Tales pretensiones obligan a recordar los tiempos en que
el clero católico hegemonizaba los poderes espiritual y político,
y ejercía, con base en ellos, una asfixiante y omnipresente tiranía
sobre el resto de la sociedad: intervenía en la escena política,
acaparaba los principales recursos económicos, determinaba cómo
había qué pensar y qué libros podían circular,
perseguía, torturaba y ejecutaba a los ministros y creyentes de
otras religiones e incluso decidía quiénes eran dignos, y
quiénes no, de ser enterrados en los cementerios.
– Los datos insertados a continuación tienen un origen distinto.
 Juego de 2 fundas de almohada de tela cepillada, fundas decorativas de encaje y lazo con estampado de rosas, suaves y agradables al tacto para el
Tal evocación podría parecer exagerada,
de no ser porque la memoria histórica de la humanidad en general,
y de la sociedad mexicana, en particular, guarda un registro fiel de los
extremos de atrocidad y barbarie a los que han llegado los maridajes entre
poder espiritual y político. Los argumentos de exclusividad divina,
aunados al ejercicio del poder temporal, han servido, en innumerables ocasiones,
para justificar toda suerte de crímenes, y la historia de la Iglesia
católica está llena de ejemplos al respecto.
Desde esta perspectiva, los empeños de la arquidiócesis
por recuperar facultades virreinales e inquisitoriales en detrimento de
otros cultos, cristianos o no, resultan inaceptables y repudiables, toda
vez que, de concretizarse, significarían el primer paso de una regresión
histórica hacia el absolutismo.
Si la jerarquía católica pretende preservar
y expandir su feligresía, debiera empezar por desprenderse de tales
afanes monopólicos que, al inicio del tercer milenio, resultan un
tanto delirantes, hacer profesión de pluralidad, tolerancia y respeto
a las diferencias y reconocer a una sociedad que, siendo mayoritariamente
católica, decidió hace mucho tiempo establecer un deslinde
claro e inequívoco entre la espiritualidad y el poder público.